One of the main lessons that emerged from Silent Spring is that we overuse pesticides at our own peril because human and natural environments are unquestionably linked. It is time to revisit these lessons given current use patterns of neonicotinoid insecticides.

Since their introduction in the early 1990s, neonicotinoids have become the most widely used insecticides in the world. Their toxicity allows less active ingredients to be used and, compared with older classes of insecticides, they appear to have relatively low toxicity to vertebrates, particularly mammals. Neonicotinoids have been repeatedly called “perfect” for use in crop protection.

Yet recent research calls this perfection into doubt as neonicotinoids have become widespread environmental contaminants causing unexpected nontarget effects.
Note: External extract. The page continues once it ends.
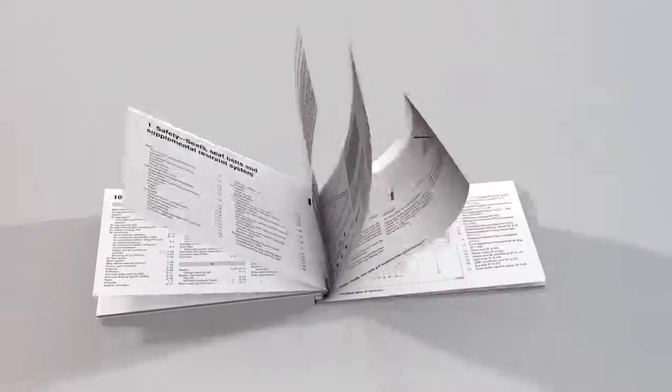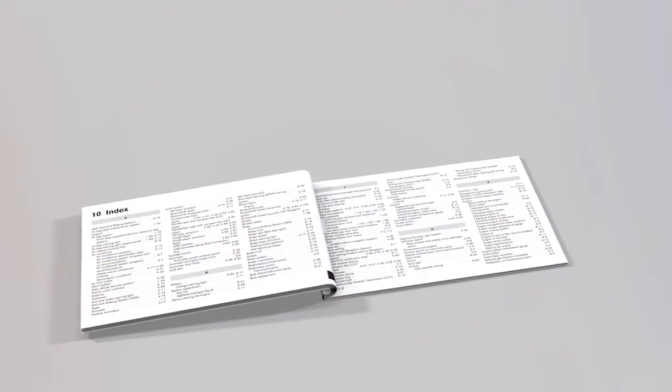Please see your owner's manual for important safety information, system limitations, and additional operating information.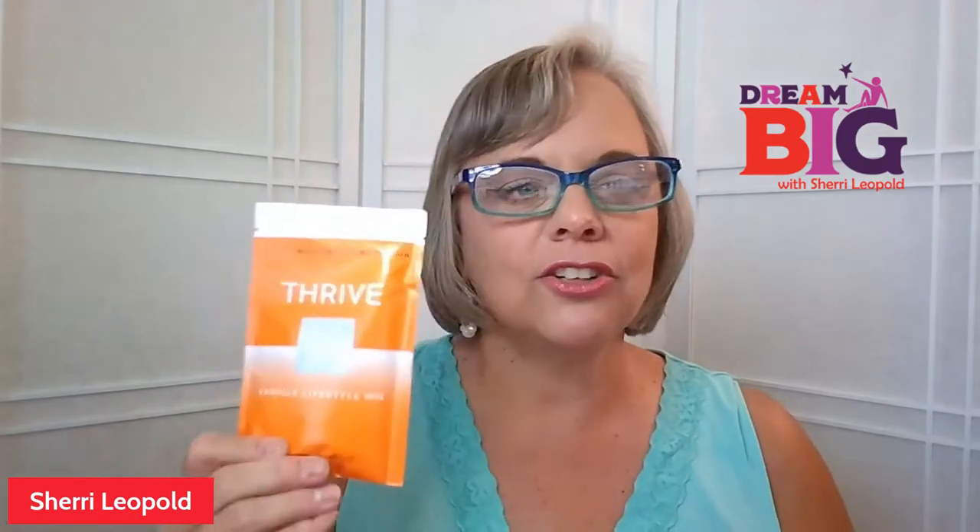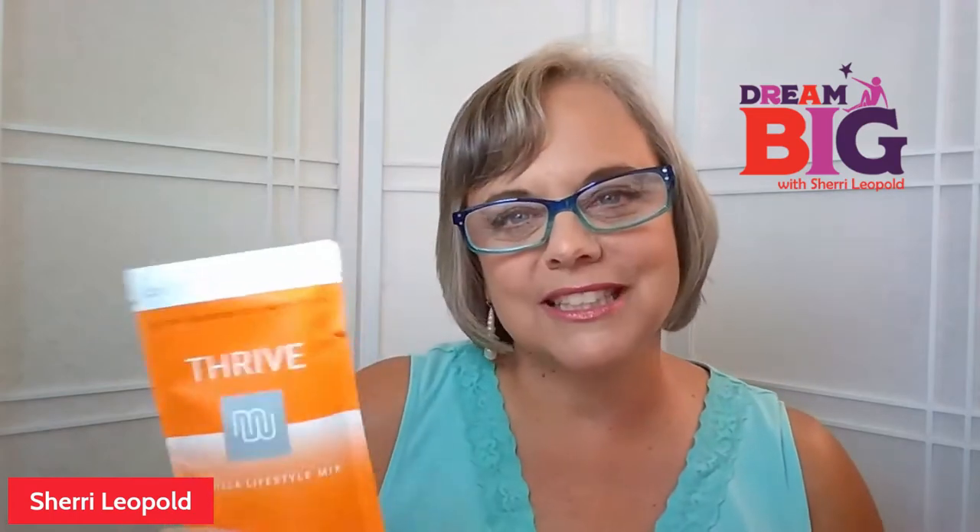You're going to then move to your shake — our lifestyle shake mix, and this is actually the vanilla. You're going to take a half a shake the first two days. So one capsule, 20 to 40 minutes later, you're going to take a half a shake — two tablespoons in six to eight ounces of water maximum. I prefer it in about four ounces. I use water, but you can use milk, whatever suits you.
In particular, researchers have found that neonicotinoids can move from treated plants to pollinators and from plants to pests to natural enemies. Worse, transmission through simple food chains portends widespread, undocumented transmission into entire food webs.

We believe that neonicotinoids pose broader risks to biodiversity and food webs than previously recognized. Although further research is needed to document the ecosystem-wide transmission and consequences of neonicotinoids to establish their true costs and benefits, serious efforts must be made to decrease the scale of their use.

[Editor’s note: To learn more, visit  GLP’s special section on pesticides and pollinators.]

DDT offers a close analogy to the current debate over neonicotinoids. By the time governments and companies had curtailed DDT use, the ecological and human health effects were indisputable and in some cases irreversible. Birds, such as California condors and peregrine falcons, are just recently emerging from near extinction, DDT or its metabolites still contaminate food and food chains around the world, and the majority of the U.S. population and people around the world have detectable DDT levels in their bodies. The extent to which these problems would have been curtailed by an earlier ban on DDT is unknown.

The full extent of environmental risk from neonicotinoids may not be known for years. If use is not voluntarily restrained, then regulation is the only hope. Otherwise, we risk a return to the toxic, simplified environment that prompted Silent Spring—a work that documents a history we should actively work to avoid repeating.